• YOUR INSTRUCTIONS:
Omitting the images, transcribe the records below exactly as they stand.

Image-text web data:
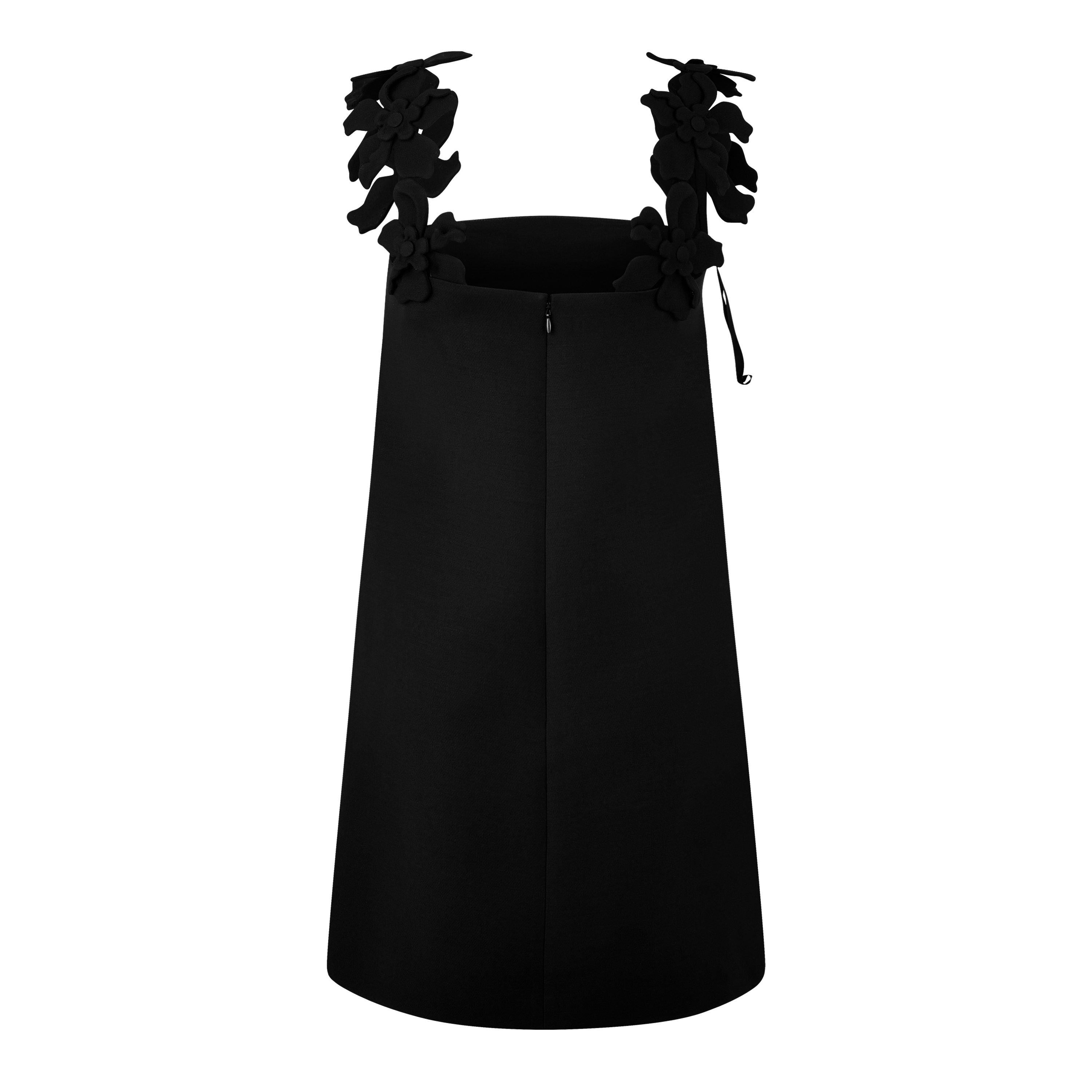 Floral Embroidered Mini Dress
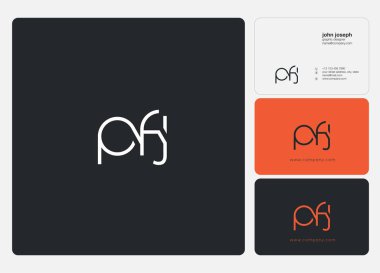 İş Kartı Şablonu için logo pfj, Vektör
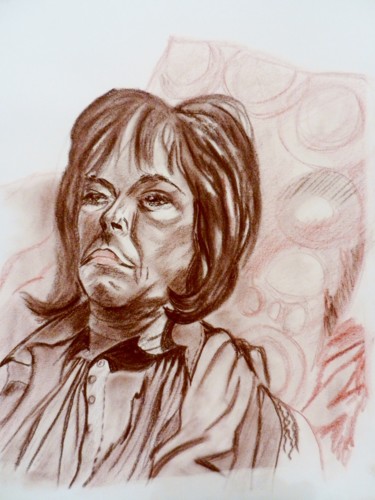 Drawing titled "Murielle 1 "série M…" by Brigitte Mathé (MBL), Original Artwork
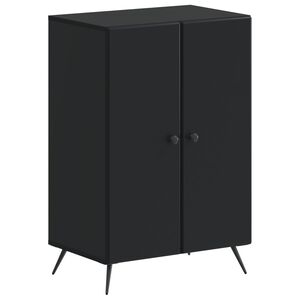 vidaXL Sko skab BREDA 59,5 x 39,5 x 90 cm Konstrueret tr&aelig; Sort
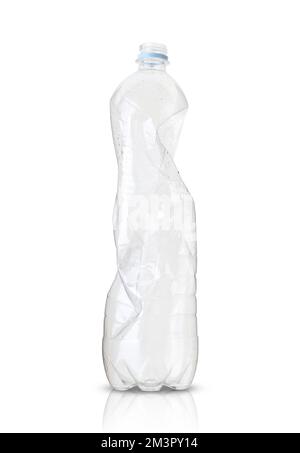 large empty water bottle on a white background Stock Photo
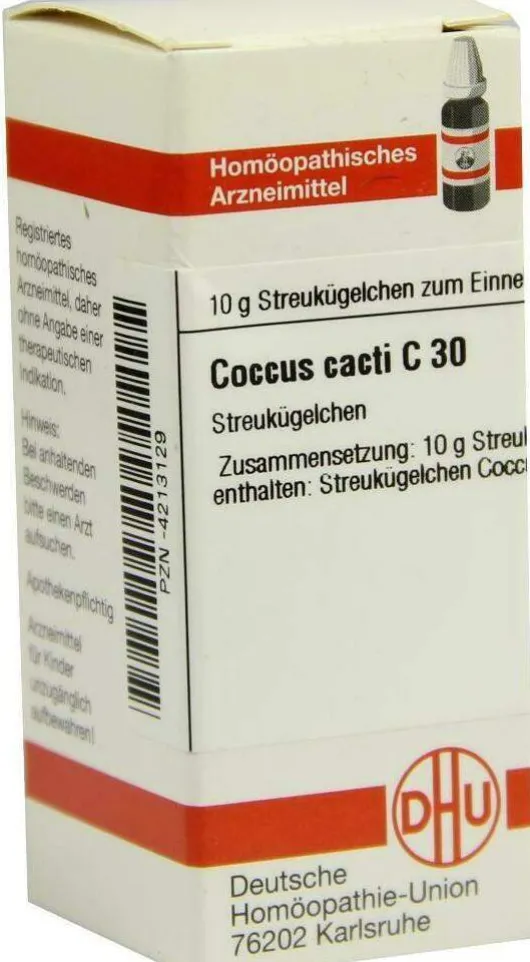 Dhu Coccus Cacti C30 Globuli 10 G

• EXPECTED OUTPUT:
 Floral Embroidered Mini Dress
 İş Kartı Şablonu için logo pfj, Vektör
 Drawing titled "Murielle 1 "série M…" by Brigitte Mathé (MBL), Original Artwork
 vidaXL Sko skab BREDA 59,5 x 39,5 x 90 cm Konstrueret tr&aelig; Sort
 large empty water bottle on a white background Stock Photo
 Dhu Coccus Cacti C30 Globuli 10 G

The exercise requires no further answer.